Four SeasonsThere were only two other people in the cinema when I went to see Jersey Boys this week, a mere five days after its UK opening. Having received reviews ranging from cool to lukewarm, Clint Eastwood’s transfer of the Four Seasons musical from stage to screen has clearly failed to capture the public imagination — unlike the original, which is still running on Broadway and in the West End.

I belong to a generation that didn’t have much time for musicals, generally speaking, but I loved the theatrical version of Jersey Boys when I saw it a couple of years ago. The music sounded as good as the records and the staging was genuinely exhilarating.
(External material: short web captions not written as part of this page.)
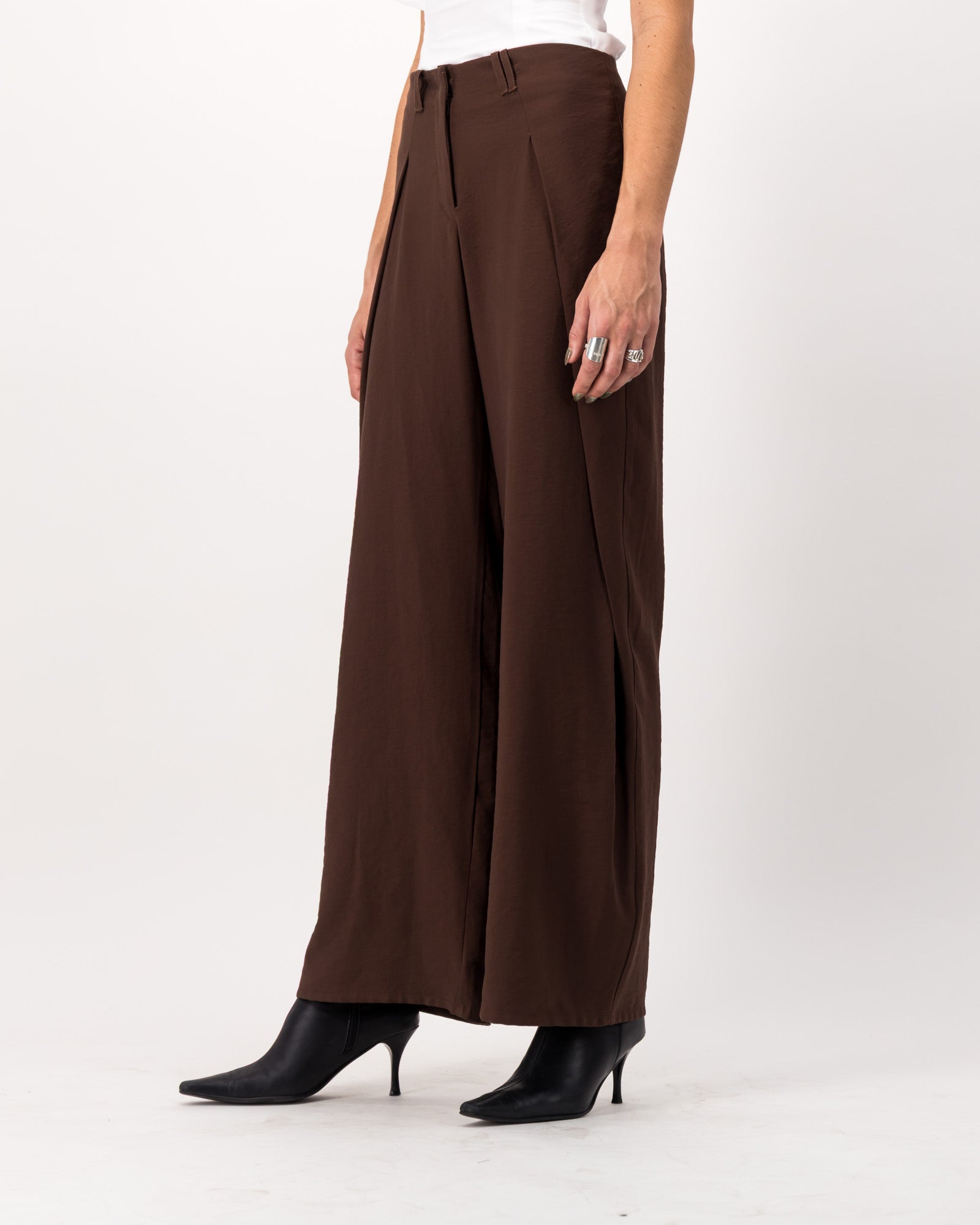 Arc Trousers - Chocolate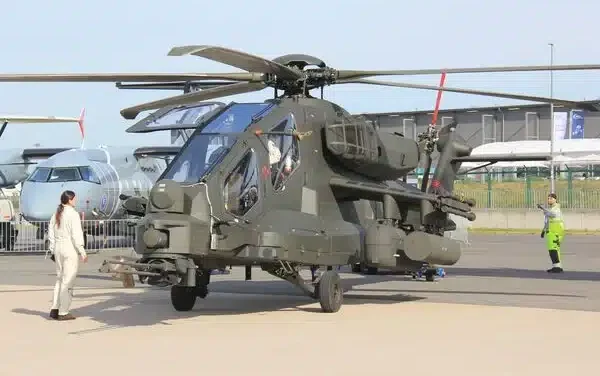 Leonardo punta sull’AW249: il nuovo elicottero da combattimento europeo debutta in volo a Berlino
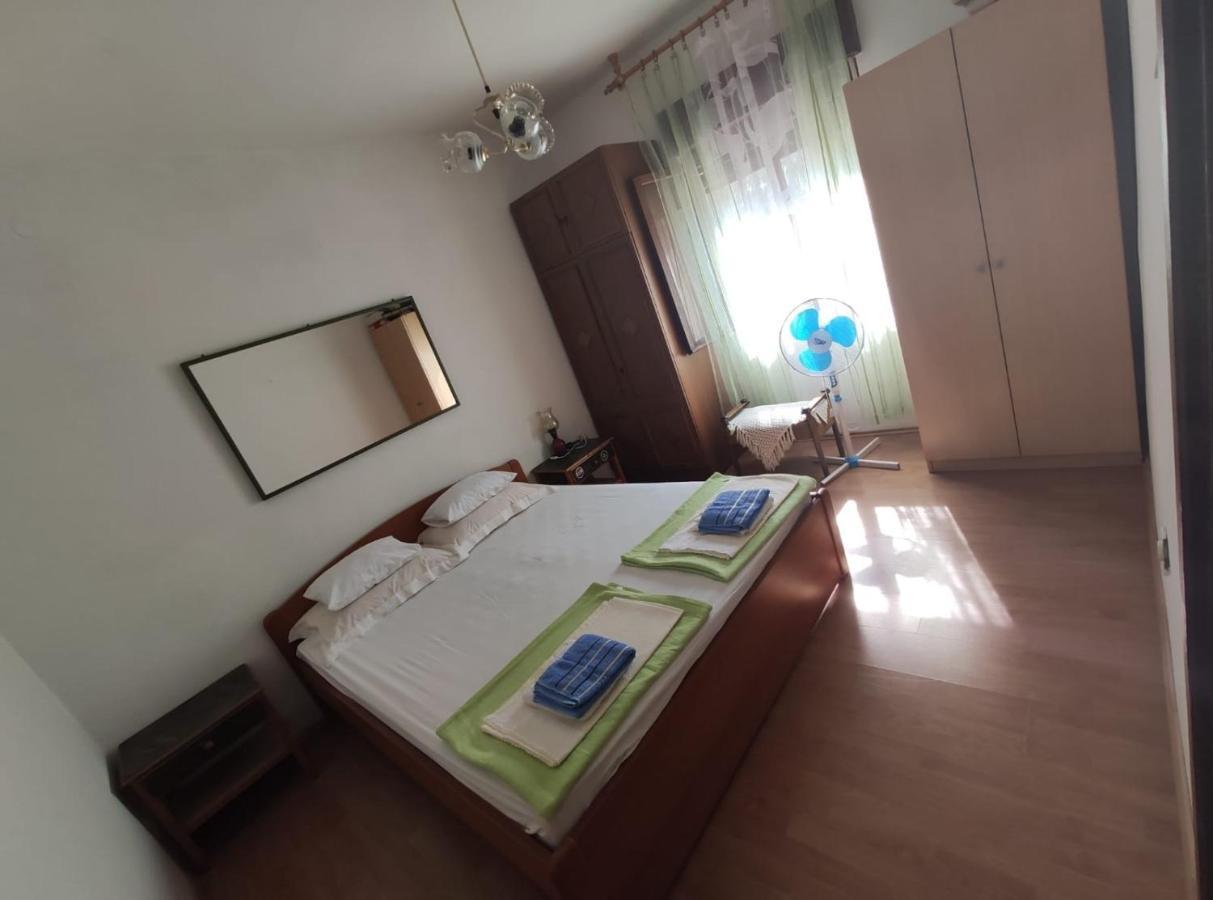 Family Apartment Near Beach Biograd Na Moru Buitenkant foto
So the film’s first surprise is that Eastwood hasn’t simply tried to replicate the factors that made the stage show a success: he’s gone for something halfway between a musical and a conventional biopic, which is hard to pull off.

Here are the two main drawbacks: it still feels unmistakeably theatrical, and there’s surprisingly little music. Great trouble has obviously been taken over the design of the costumes, the sets and the props, and the film’s colours and textures are carefully graded to match the period, but it hardly ever feels real. And in an effort, I guess, to avoid the accusation of having simply reproduced a jukebox musical, the director has used the music only when it functions as part of the narrative (e.g. when they’re performing “Sherry” on American Bandstand or Valli makes his comeback, singing “Can’t Take My Eyes Off You” with a big band in a plush nightclub). Unlike Taylor Hackford’s Ray Charles film, Eastwood doesn’t rely on enhanced versions of the original recordings to underdub the actors when the group are seen performing in a club or a theatre: the performances sound as unpolished and sometimes as weedy as they would have done in real life, deprived of the support of session musicians and studio technology. I ended up quite liking that, although I suppose I’d gone in hoping for the sensation of the original mixes of “C’mon Marianne”, “Beggin'”, “Beggars Parade”, “Tell It to the Rain” or “Dawn (Go Away)” thumping out through a cinema sound system.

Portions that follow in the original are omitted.